▶ [Data excerpts]:

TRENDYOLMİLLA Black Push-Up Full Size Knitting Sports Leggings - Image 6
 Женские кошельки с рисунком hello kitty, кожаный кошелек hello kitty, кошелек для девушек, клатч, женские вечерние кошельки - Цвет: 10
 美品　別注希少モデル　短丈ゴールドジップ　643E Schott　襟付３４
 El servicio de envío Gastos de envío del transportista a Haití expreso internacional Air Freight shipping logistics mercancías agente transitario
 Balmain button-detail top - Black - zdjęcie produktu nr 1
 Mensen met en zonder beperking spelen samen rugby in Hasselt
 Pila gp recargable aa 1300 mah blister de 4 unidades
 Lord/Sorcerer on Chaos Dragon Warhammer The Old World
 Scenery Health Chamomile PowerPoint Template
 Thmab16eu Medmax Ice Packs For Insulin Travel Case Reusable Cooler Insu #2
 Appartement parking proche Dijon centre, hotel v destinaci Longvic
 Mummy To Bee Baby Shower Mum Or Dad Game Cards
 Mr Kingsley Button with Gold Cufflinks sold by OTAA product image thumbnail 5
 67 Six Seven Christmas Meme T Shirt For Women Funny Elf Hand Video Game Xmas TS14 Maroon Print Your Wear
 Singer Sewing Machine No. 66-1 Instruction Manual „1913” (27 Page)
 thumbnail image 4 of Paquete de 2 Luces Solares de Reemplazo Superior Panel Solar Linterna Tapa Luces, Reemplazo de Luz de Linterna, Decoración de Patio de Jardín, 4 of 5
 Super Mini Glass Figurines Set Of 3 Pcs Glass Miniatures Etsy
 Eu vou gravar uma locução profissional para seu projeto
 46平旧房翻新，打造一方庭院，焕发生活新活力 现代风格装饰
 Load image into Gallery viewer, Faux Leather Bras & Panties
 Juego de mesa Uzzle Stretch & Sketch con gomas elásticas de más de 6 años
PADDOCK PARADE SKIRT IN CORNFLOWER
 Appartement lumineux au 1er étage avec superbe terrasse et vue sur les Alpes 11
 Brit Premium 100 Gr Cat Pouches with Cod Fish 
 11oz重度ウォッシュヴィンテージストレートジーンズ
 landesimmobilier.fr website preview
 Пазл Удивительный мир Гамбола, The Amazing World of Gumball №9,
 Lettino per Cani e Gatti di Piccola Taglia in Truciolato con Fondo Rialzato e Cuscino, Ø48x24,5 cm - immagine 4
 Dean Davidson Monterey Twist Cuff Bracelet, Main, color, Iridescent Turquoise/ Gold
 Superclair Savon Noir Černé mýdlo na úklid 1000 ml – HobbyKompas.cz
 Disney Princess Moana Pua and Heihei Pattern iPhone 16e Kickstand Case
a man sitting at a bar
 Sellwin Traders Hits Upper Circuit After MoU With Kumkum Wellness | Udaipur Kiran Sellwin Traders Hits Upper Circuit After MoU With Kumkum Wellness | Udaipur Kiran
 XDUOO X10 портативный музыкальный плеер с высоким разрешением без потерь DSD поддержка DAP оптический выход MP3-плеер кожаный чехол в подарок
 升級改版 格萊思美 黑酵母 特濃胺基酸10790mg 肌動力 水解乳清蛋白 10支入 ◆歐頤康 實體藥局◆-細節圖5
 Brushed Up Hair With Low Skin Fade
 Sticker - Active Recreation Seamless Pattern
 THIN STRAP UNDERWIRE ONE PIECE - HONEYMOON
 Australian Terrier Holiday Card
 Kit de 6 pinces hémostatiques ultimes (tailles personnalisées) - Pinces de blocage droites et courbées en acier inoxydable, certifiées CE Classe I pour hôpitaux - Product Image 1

▶ [Your objective]:
Give the records above again, word for word.

▶ [Solution for this exercise]:
TRENDYOLMİLLA Black Push-Up Full Size Knitting Sports Leggings - Image 6
 Женские кошельки с рисунком hello kitty, кожаный кошелек hello kitty, кошелек для девушек, клатч, женские вечерние кошельки - Цвет: 10
 美品　別注希少モデル　短丈ゴールドジップ　643E Schott　襟付３４
 El servicio de envío Gastos de envío del transportista a Haití expreso internacional Air Freight shipping logistics mercancías agente transitario
 Balmain button-detail top - Black - zdjęcie produktu nr 1
 Mensen met en zonder beperking spelen samen rugby in Hasselt
 Pila gp recargable aa 1300 mah blister de 4 unidades
 Lord/Sorcerer on Chaos Dragon Warhammer The Old World
 Scenery Health Chamomile PowerPoint Template
 Thmab16eu Medmax Ice Packs For Insulin Travel Case Reusable Cooler Insu #2
 Appartement parking proche Dijon centre, hotel v destinaci Longvic
 Mummy To Bee Baby Shower Mum Or Dad Game Cards
 Mr Kingsley Button with Gold Cufflinks sold by OTAA product image thumbnail 5
 67 Six Seven Christmas Meme T Shirt For Women Funny Elf Hand Video Game Xmas TS14 Maroon Print Your Wear
 Singer Sewing Machine No. 66-1 Instruction Manual „1913” (27 Page)
 thumbnail image 4 of Paquete de 2 Luces Solares de Reemplazo Superior Panel Solar Linterna Tapa Luces, Reemplazo de Luz de Linterna, Decoración de Patio de Jardín, 4 of 5
 Super Mini Glass Figurines Set Of 3 Pcs Glass Miniatures Etsy
 Eu vou gravar uma locução profissional para seu projeto
 46平旧房翻新，打造一方庭院，焕发生活新活力 现代风格装饰
 Load image into Gallery viewer, Faux Leather Bras & Panties
 Juego de mesa Uzzle Stretch & Sketch con gomas elásticas de más de 6 años
PADDOCK PARADE SKIRT IN CORNFLOWER
 Appartement lumineux au 1er étage avec superbe terrasse et vue sur les Alpes 11
 Brit Premium 100 Gr Cat Pouches with Cod Fish 
 11oz重度ウォッシュヴィンテージストレートジーンズ
 landesimmobilier.fr website preview
 Пазл Удивительный мир Гамбола, The Amazing World of Gumball №9,
 Lettino per Cani e Gatti di Piccola Taglia in Truciolato con Fondo Rialzato e Cuscino, Ø48x24,5 cm - immagine 4
 Dean Davidson Monterey Twist Cuff Bracelet, Main, color, Iridescent Turquoise/ Gold
 Superclair Savon Noir Černé mýdlo na úklid 1000 ml – HobbyKompas.cz
 Disney Princess Moana Pua and Heihei Pattern iPhone 16e Kickstand Case
a man sitting at a bar
 Sellwin Traders Hits Upper Circuit After MoU With Kumkum Wellness | Udaipur Kiran Sellwin Traders Hits Upper Circuit After MoU With Kumkum Wellness | Udaipur Kiran
 XDUOO X10 портативный музыкальный плеер с высоким разрешением без потерь DSD поддержка DAP оптический выход MP3-плеер кожаный чехол в подарок
 升級改版 格萊思美 黑酵母 特濃胺基酸10790mg 肌動力 水解乳清蛋白 10支入 ◆歐頤康 實體藥局◆-細節圖5
 Brushed Up Hair With Low Skin Fade
 Sticker - Active Recreation Seamless Pattern
 THIN STRAP UNDERWIRE ONE PIECE - HONEYMOON
 Australian Terrier Holiday Card
 Kit de 6 pinces hémostatiques ultimes (tailles personnalisées) - Pinces de blocage droites et courbées en acier inoxydable, certifiées CE Classe I pour hôpitaux - Product Image 1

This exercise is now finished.